TASK PROMPT
Repeat nothing but the line containing "Latte corpo o" and the lines that follow it, up to and including the last line of the data below.
------------------------------------------------------------------------
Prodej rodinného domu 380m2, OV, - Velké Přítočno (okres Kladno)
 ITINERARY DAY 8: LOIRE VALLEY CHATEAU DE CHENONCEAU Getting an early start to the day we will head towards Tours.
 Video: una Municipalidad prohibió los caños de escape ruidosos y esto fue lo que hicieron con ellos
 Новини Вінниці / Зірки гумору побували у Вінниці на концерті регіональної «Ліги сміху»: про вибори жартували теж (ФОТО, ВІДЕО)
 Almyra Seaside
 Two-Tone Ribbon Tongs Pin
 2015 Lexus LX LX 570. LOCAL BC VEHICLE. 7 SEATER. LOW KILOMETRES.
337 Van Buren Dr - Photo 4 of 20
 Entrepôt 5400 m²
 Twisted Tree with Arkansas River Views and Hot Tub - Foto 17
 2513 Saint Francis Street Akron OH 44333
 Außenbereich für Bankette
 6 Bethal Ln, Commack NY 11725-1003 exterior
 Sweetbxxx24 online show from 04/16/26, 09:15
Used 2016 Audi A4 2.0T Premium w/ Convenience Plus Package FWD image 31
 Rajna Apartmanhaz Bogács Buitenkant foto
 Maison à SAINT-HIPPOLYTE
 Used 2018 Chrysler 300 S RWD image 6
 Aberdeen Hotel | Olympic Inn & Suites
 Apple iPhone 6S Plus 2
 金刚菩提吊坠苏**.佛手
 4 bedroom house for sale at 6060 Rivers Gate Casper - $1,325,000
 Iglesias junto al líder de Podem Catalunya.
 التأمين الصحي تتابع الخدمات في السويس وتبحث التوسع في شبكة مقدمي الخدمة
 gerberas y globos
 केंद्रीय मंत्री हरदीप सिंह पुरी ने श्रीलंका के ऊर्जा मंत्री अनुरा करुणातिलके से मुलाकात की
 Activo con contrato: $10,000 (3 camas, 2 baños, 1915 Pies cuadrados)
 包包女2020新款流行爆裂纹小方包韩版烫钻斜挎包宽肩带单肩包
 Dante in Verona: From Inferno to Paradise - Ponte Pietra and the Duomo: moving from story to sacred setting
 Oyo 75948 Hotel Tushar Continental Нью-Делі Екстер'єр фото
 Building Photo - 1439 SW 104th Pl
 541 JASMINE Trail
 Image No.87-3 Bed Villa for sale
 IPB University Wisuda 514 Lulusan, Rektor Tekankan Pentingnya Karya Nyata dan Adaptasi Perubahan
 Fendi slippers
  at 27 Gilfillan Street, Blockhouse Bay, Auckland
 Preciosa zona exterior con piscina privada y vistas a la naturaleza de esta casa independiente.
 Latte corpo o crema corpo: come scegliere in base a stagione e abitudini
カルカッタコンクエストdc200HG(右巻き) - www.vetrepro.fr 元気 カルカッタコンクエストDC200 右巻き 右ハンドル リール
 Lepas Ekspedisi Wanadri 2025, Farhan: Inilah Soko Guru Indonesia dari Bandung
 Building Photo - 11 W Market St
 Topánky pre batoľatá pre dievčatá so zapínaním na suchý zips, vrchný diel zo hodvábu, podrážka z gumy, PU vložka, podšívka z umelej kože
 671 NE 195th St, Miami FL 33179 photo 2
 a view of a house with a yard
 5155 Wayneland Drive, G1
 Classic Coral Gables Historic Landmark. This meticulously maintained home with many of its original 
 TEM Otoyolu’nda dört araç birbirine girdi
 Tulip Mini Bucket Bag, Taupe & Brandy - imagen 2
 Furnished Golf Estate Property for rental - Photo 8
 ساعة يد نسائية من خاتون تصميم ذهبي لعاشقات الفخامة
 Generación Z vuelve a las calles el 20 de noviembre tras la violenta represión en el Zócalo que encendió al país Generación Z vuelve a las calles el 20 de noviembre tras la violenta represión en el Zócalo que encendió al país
------------------------------------------------------------------------
RESULT OF THIS EXERCISE
 Latte corpo o crema corpo: come scegliere in base a stagione e abitudini
カルカッタコンクエストdc200HG(右巻き) - www.vetrepro.fr 元気 カルカッタコンクエストDC200 右巻き 右ハンドル リール
 Lepas Ekspedisi Wanadri 2025, Farhan: Inilah Soko Guru Indonesia dari Bandung
 Building Photo - 11 W Market St
 Topánky pre batoľatá pre dievčatá so zapínaním na suchý zips, vrchný diel zo hodvábu, podrážka z gumy, PU vložka, podšívka z umelej kože
 671 NE 195th St, Miami FL 33179 photo 2
 a view of a house with a yard
 5155 Wayneland Drive, G1
 Classic Coral Gables Historic Landmark. This meticulously maintained home with many of its original 
 TEM Otoyolu’nda dört araç birbirine girdi
 Tulip Mini Bucket Bag, Taupe & Brandy - imagen 2
 Furnished Golf Estate Property for rental - Photo 8
 ساعة يد نسائية من خاتون تصميم ذهبي لعاشقات الفخامة
 Generación Z vuelve a las calles el 20 de noviembre tras la violenta represión en el Zócalo que encendió al país Generación Z vuelve a las calles el 20 de noviembre tras la violenta represión en el Zócalo que encendió al país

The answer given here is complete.